Foreword
As Blast announces that the testnet is online and 50% of the shorts are distributed to developers, the ecosystem will inevitably face the problem of optimizing capital liquidity. In the existing stablecoin case, at a typical 150% collateralization rate, users require more than $150 worth of collateral to purchase $100 of stablecoins, leaving $50 underutilized. This model represents a severe inefficiency.

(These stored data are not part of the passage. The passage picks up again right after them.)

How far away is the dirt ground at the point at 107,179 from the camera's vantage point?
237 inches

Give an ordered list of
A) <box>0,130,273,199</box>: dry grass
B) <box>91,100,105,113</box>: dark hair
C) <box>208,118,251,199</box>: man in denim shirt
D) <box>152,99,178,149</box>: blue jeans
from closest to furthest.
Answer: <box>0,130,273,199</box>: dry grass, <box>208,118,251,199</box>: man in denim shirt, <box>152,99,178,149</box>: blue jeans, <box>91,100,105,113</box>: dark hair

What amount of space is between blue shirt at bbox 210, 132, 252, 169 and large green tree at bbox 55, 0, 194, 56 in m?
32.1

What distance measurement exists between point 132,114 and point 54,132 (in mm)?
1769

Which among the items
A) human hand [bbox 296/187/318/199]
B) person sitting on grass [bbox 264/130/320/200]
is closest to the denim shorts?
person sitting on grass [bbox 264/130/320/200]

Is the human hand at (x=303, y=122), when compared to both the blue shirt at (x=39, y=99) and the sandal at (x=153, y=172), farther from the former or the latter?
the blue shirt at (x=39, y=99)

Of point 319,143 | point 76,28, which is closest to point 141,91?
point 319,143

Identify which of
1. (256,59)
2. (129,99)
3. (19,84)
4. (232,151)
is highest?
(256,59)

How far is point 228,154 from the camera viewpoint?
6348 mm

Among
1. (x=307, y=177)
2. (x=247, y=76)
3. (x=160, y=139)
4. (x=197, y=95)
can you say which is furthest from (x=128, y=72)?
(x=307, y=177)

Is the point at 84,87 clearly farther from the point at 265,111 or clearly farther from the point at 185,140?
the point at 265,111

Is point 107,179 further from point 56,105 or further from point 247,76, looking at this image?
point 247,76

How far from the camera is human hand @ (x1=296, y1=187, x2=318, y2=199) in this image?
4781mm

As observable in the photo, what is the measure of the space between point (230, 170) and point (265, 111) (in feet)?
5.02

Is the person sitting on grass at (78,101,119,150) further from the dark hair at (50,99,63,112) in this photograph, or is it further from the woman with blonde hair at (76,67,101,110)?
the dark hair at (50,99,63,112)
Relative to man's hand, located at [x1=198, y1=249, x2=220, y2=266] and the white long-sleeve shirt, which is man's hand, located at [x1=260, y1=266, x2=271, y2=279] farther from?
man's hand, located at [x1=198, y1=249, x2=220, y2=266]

How to better attract and utilize the current liquidity of more than one billion US dollars on the blast chain has become a question that all ambitious development teams in the crypto world must think about, and Zest has given them solution.
Introduction to Zest
What is different from other chains , the sufficient liquidity on Blast gives developers a new proposition - "how to maximize capital efficiency", or to simplify it a bit, how to help users better leverage.

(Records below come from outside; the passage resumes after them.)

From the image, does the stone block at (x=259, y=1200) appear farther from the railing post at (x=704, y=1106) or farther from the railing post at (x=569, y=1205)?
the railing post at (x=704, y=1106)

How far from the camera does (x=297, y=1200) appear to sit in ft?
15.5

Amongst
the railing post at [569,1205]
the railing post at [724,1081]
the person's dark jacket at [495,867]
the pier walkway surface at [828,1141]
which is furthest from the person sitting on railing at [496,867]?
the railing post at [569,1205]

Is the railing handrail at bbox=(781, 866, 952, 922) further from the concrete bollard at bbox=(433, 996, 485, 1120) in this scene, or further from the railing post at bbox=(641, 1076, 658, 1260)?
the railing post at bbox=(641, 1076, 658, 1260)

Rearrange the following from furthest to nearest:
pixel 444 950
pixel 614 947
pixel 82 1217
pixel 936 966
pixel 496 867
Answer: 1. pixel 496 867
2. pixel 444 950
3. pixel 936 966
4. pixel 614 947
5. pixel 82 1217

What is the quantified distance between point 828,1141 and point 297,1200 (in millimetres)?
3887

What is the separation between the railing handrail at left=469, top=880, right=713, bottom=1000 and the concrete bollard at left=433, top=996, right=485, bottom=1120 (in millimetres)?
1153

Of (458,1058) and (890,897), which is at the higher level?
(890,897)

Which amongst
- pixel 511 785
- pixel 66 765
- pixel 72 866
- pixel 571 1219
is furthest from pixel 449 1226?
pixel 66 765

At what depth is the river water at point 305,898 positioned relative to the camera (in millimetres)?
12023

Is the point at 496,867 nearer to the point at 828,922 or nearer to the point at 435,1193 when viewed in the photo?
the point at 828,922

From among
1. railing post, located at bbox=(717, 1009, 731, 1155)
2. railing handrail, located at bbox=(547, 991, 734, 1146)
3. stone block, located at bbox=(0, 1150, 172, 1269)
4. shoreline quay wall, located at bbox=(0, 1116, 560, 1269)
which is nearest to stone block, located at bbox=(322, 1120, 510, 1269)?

In response to this proposition, zest’s answer is to decompose the rate of return and volatility to achieve a stable currency with 100% capital utilization efficiency.
Project Core Mechanism
One of Blast’s innovative designs That is, all ETH on the Blast network has native income, and on top of this, the protocol layer can perform various operations, such as LSDFi.

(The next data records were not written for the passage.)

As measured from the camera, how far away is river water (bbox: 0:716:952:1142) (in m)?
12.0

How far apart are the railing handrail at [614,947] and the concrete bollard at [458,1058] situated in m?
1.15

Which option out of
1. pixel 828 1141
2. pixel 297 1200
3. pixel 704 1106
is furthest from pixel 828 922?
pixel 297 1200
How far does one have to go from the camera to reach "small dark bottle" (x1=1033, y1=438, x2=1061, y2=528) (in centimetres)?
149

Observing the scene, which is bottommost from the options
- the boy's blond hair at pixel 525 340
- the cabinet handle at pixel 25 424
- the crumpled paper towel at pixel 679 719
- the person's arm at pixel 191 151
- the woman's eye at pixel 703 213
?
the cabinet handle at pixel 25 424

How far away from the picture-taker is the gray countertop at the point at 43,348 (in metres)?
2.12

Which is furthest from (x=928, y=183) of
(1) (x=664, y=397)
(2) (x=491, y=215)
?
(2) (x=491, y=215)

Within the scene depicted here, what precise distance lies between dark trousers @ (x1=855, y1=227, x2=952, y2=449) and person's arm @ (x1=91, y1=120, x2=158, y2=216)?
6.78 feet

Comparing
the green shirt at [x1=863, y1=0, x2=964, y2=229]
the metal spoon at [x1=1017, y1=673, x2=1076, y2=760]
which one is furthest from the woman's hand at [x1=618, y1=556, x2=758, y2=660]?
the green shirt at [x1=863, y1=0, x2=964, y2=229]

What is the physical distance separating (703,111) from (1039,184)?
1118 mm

When a user pledges Blast_ETH worth $150 in Zest, he or she can obtain zUSD worth $100 and Leveraged Blast_ETH worth $50. The yield of Blast_ETH is inherited by zUSD, and the volatility is inherited by Leveraged Blast_ETH. The specific process can be described by the following formula
$$1*BlastETH=k*zUSD+1*lBETHk$$
In the above formula, 1 Blast_ETH can mint k zUSD and 1 lBETH_k. When the ETH price fell to $k, lBETH_k faced liquidation. After going online, taking into account the risk preferences of different users, the protocol will introduce diversified k values.
By decomposing volatility and yield, the Zest protocol can meet the needs of both types of users
Risk-averse, pursuing farming income users
Due to All fluctuations in Blast_ETH are absorbed by Leveraged Blast_ETH, and zUSD has risk-free leverage returns.
Suppose K=1000, the ETH price rises from 1800 to 3000, and the APR of Blast_ETH is 4.5%, then there is zUSD Stake APR=(3000*4.5%)/(1000*0.5)=< strong>27%, Six times the native APR(27%/4.5%)
< li>LeverageUser
Similarly assume that the price of ETH rises from 1300 to 3000, K=1000, then the value of IBETH will increase from (1300-1000) to (3000-1000), achieving a gain of nearly 7 times.
On the token side, Zest has not yet launched a specific design, and this part is left for subsequent discussion.
Summary
Due to the particularity of Blast’s abundant liquidity , the above agreement can better focus on its own product mechanism and economic model design to achieve higher leverage and higher capital utilization efficiency. So we can see more excellent designs on it.
? As Blast introduces a large number of yield-bearing assets, where should these assets go?
Old, uninspired DeFi projects may lack innovative solutions, but Zest is here to provide < /em>entirely new and original answers.